Well, time to wrestle some of the monster bag of cat food into the canister, then on to another weaving attempt. But first, this post better not disappear.


Friday, February 9, 2024

Back at it

Well, a week of sulking and I'm back, mostly, to my self. A long week of paying little attention to the world and relishing my own misery. It has been interesting. Yesterday I took Rose to have her hair cut, at her old salon! She was so pleased, and it's a very nice haircut. 

At supper she reported it had caused quite a kerfuffle. "Damn!" I thought. Her daughter found out. After we had gone off to the local CVS for Covid and RSV vaccinations, her daughter was appalled at Rose's description of using a stool to get into my van. "Never again!" from her daughter.

While we were out this time, a friend of Rose stopped to visit. Rose didn't answer her door, so the friend returned to the desk and instituted a fairly full fledged search for Rose. Housekeeping and food service searched. Even the bookkeeper was involved. She looked under the bed. Rose's daughter was notified. 

Our return went unnoticed because some rude person parked in my assigned place. So, my car went to some other place in the lot. But at least, when Rose saw her daughter, she could report she can get into my car by herself, and stow and retrieve her walker. Lovely spring days produce wonders.

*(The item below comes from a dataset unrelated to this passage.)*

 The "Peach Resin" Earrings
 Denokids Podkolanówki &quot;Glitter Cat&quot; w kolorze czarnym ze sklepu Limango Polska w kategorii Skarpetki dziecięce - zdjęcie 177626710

As for the ambitious warp on my loom, here it is now! I cut and taped the sections I'm not using. That apparent mess to the left is the section that did not work out mathematically. A couple of its threads are in the last warp on its right, and impeding forward motion. So I am chaining off the bout. The great plan is to be able to run it through my tension box in future and reuse it. That may be a hair brained scheme.

The edges of the flower pattern are a little ragged; I'll single crochet along just those edges when the scarf is off the loom. For the next scarf, I'll use a floating selvedge to eliminate the problem. Old tricks of the trade can take time to remember!

When the scarf is off the loom, I'll weigh it to see how much thread I used. Then I'll know how much to charge for it. The weft this time is much finer; 10/2 in the dialect. I think the scarf will be fairly airy and floaty. If not, I'll change the pick's.

So that's it for this week of weaving. Now I need to get back into blog reading. No more sulking.